Steve Weisman is a lawyer, college professor, author, and one of the country’s leading experts in cybersecurity, identity theft, and scams. See Steve’s other Con Watch articles.
For many people, the promise of a job that’s easy, pays well, doesn’t require any skill, and can be done from home sounds pretty good, which may explain why people are vulnerable to job scams.
One popular scam offers to pay you to be a product tester for Amazon.
Ads soliciting people to become Amazon product testers are found on social media such as Facebook and TikTok. You are told that the job entails testing and writing reviews of products sent to you for free by Amazon. Not only will you be paid for your services, but you even get to keep the products you test. Some of these ads promise payments of as much as $1,500 per month.

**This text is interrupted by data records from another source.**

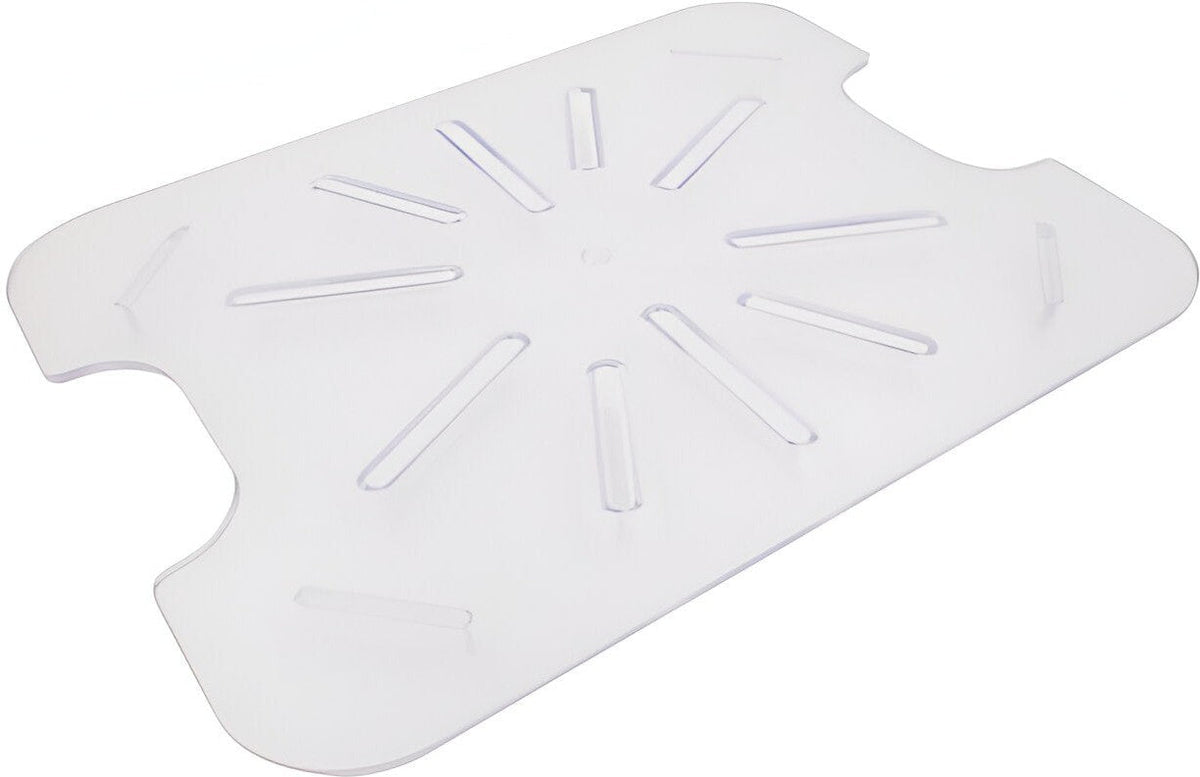 Omcan - 1/6-Size Clear Polycarbonate Drain Shelf for Food Storage Pans, Pack of 70 - 85036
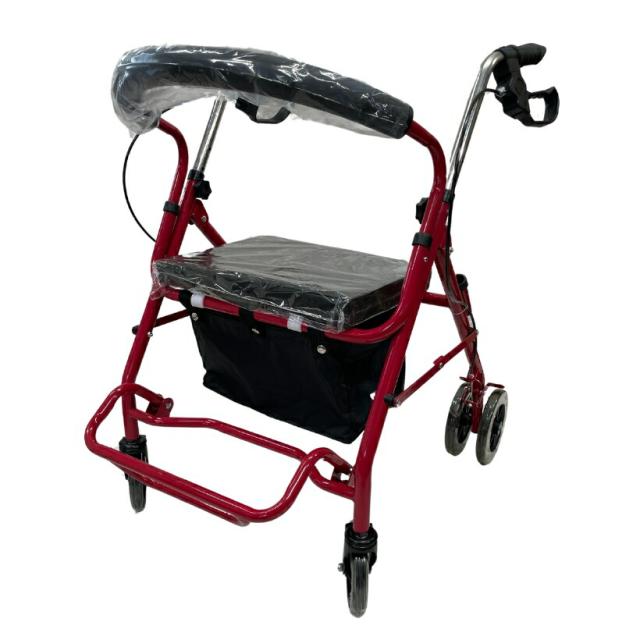 【スーパーセール・特価】シルバーカー 軽量 コンパクト 手押し車 歩行器 ＜ローレイター＞ 軽量 座れる シルバーカー おしゃれ 老人 介護 お年寄り 手押し 散歩 買い物 ショッピングカート 敬老の日 プレゼント 誕生日プレゼント 色レッド_1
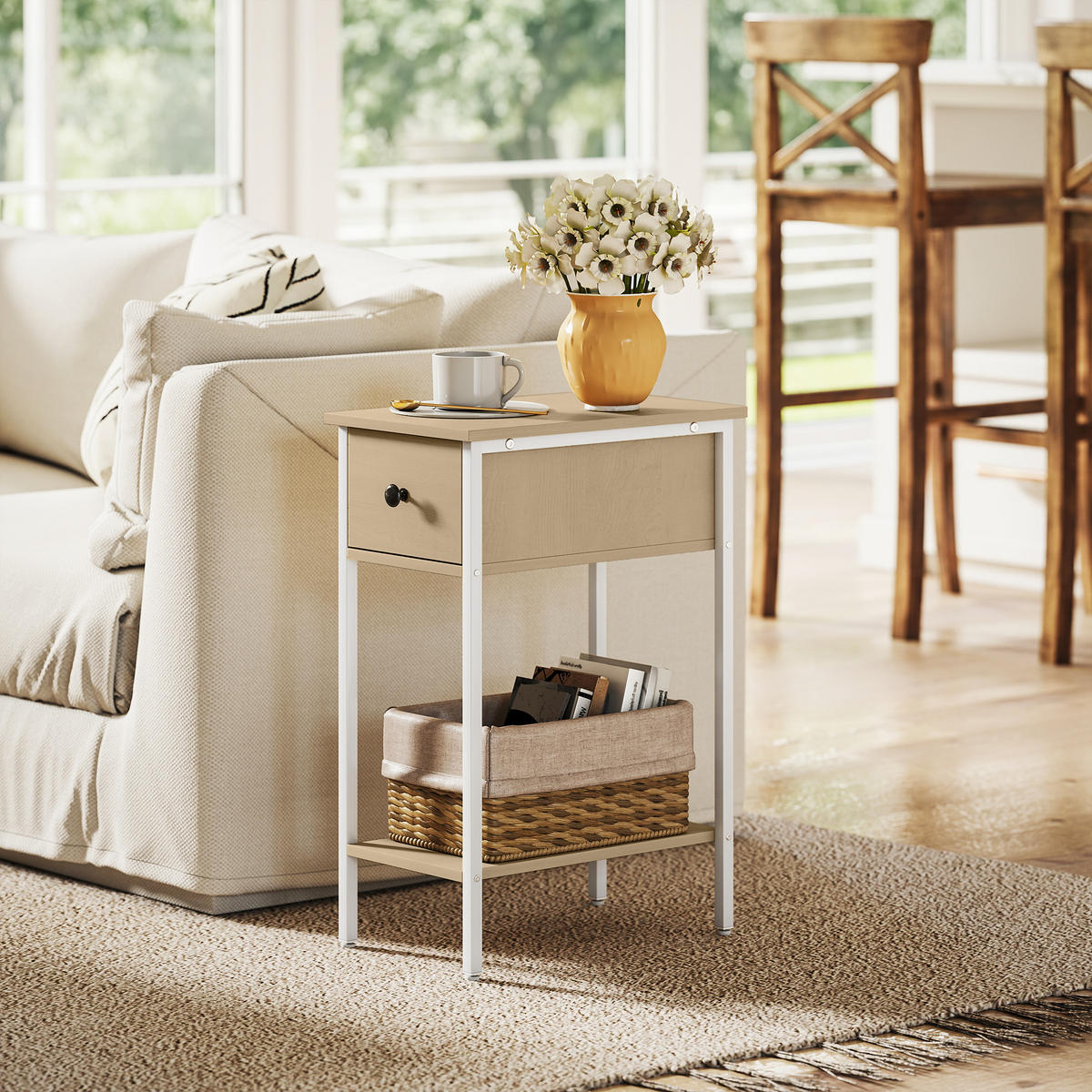 BEISTELLTISCH Beige 1 Stück - Beige, Metall (25/39.8/58.2cm) - GiPP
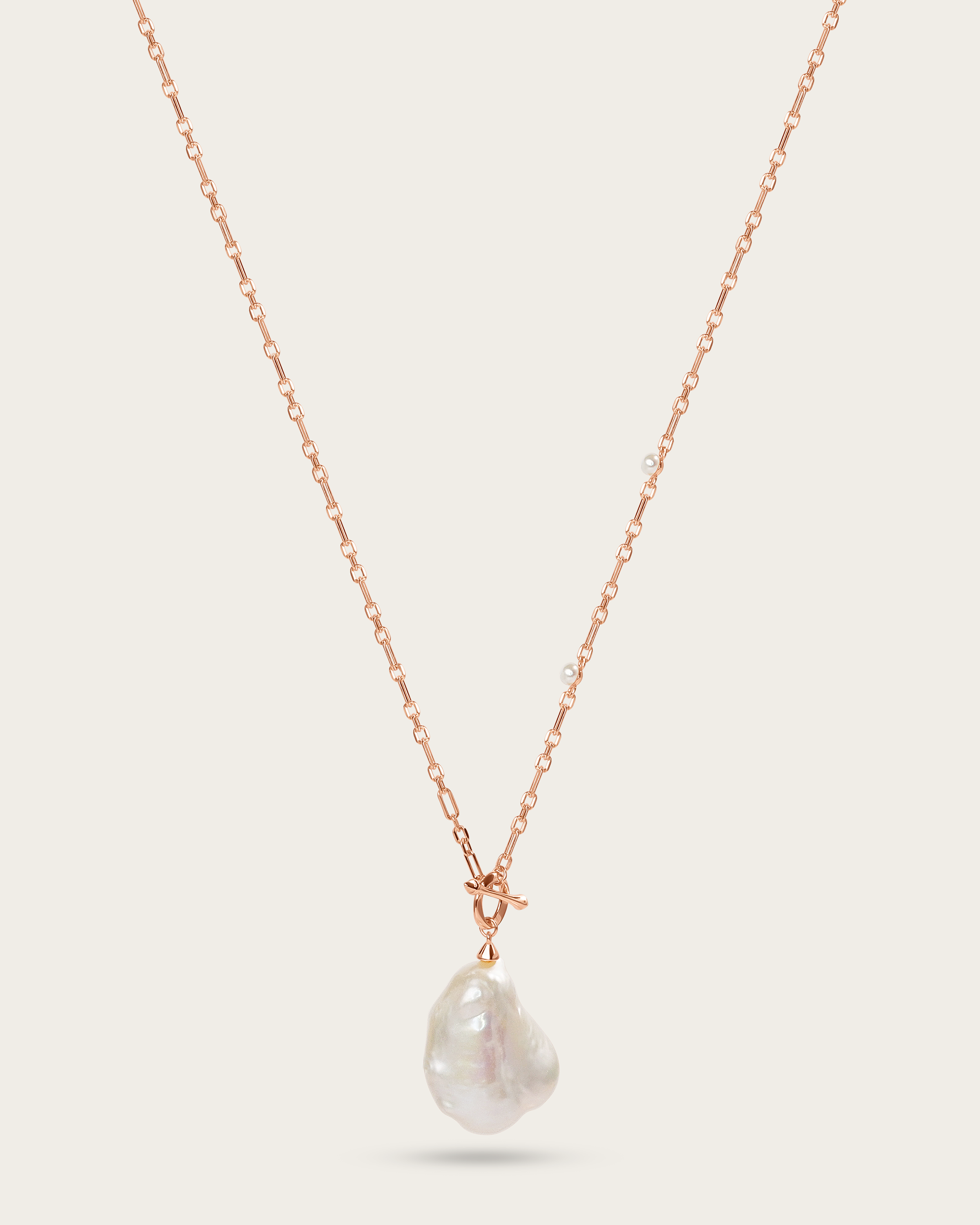 Baroque Pearl Paperclip Chain Necklace | Rose Gold Vermeil – Miaora Co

What makes the scam a bit more believable is that Amazon actually does have a product testing program called Amazon Vine, where people review products that are sent to them for free, but the program is by invitation only, and it does not pay anything.
The scammers use social media and fake websites with easily counterfeited Amazon logos to trick people into applying for these phony jobs. They will use legitimate appearing domains such as amazonproducttesting.com or amazonproducttestingjobs.com.
The phony job offerings are also posted on legitimate job sites such as LinkedIn, ZipRecruiter and Monster. Legitimate job sites try to police their sites to keep such scams from appearing, but even when they do manage to identify and take down such scams, they reappear like a game of whack-a-mole.
Some of the scams ask for payments of $50 to sign up for the program. Even if you’re not asked for an application fee, you still end up providing sensitive personal information such as your Social Security number, which can then be used to steal your identity.
This is an easy scam to avoid simply by understanding that Amazon does not pay anyone to test their products, and their non-paid product review program is by invitation only. Anyone else promoting an Amazon testing and review program is a fraud.
Another type of job scam takes advantage of the reputation of legitimate professional networking sites. LinkedIn is the world’s largest professional network and as such, has long been attractive to scammers seeking to piggy-back on the site’s good reputation. Recently, the number of job scams on LinkedIn has increased dramatically.
One recent development is scammers using the name of legitimate companies to approach their victims through LinkedIn’s direct messaging feature. They then ask the job seekers to provide personal information on a legitimate-looking (but counterfeit) website as part of the hiring process before holding a video job interview.
They may use the personal information you provided for purposes of identity theft. They also may ask for money or your credit card number to pay for background investigations or equipment for the company, which legitimate businesses do not do. In other instances, the job seeker is required to pay for equipment or training, which the scammer promises to reimburse, but of course the money is never paid back. Making the problem even worse is the use of AI to make the phony websites appear more like the real ones.
When it comes to job scams, it can be very difficult to distinguish legitimate offers from scams. Check out the website of the company supposedly offering you a job to see if the job is even listed. Make sure you are using a domain name that you have confirmed is credible and not just the one contained in an email sent to you by the scammer or an advertisement. If the job doesn’t appear on the real company’s website, it is likely a scam. It also is a good idea to confirm any job offer you might receive with the HR department of the real company before providing personal information such as your Social Security number.